For G4 we use 1 May hindcasts for years 1992–2005 which have additional diagnostic output. For ERAI and MERRA we use the full range of available years (1979–2010) to obtain the best possible estimate of the atmosphere’s mean state. For the period 1992–2005 average onset dates are very similar in all datasets: 2 July (G4), 29 June (MERRA), 3 July (ERAI), 28 June (GPCP) and we will analyse differences averaged between 15–29 June and 30 June–14 July, i.e. the 15 days before and after the nominal mean onset date.

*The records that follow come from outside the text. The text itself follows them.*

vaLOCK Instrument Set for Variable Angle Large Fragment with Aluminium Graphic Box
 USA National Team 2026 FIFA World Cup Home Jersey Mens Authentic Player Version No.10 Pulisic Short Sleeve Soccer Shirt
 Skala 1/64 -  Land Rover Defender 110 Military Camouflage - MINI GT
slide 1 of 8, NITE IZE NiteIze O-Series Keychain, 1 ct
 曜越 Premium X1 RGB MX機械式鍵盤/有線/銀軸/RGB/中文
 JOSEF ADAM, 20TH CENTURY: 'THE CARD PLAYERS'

In ERAI (Fig. 7 lower panel) the Saharan heat low also deepens by 2 hPa but pressure changes in the Sahel and central Sahara are weaker than in G4. As a result the pressure anomaly in ERAI in early July is less zonal and dominated by the cyclonic feature in the western Sahara. Pressure increase over the Gulf of Guinea is smaller than in G4, about 0.5 hPa. As a result of these different pressure changes moisture transport anomalies at 925 hPa do not penetrate into the central Sahel but instead are diverted northward to the western Sahara. Near the Gulf of Guinea coast the change in moisture transport is orientated more zonally than in G4 and mostly non-divergent. There is no extra ascent between 10E–10W and 10–15N as in G4 and more extensive descent of dry air from aloft over Mali and Mauretania. Rainfall changes in ERAI in early July are limited to the ocean and the eastern Sahel with a gap over the central Sahel. We note that G4 and ERAI are in broad agreement about changes over the eastern Sahel/central Sudan.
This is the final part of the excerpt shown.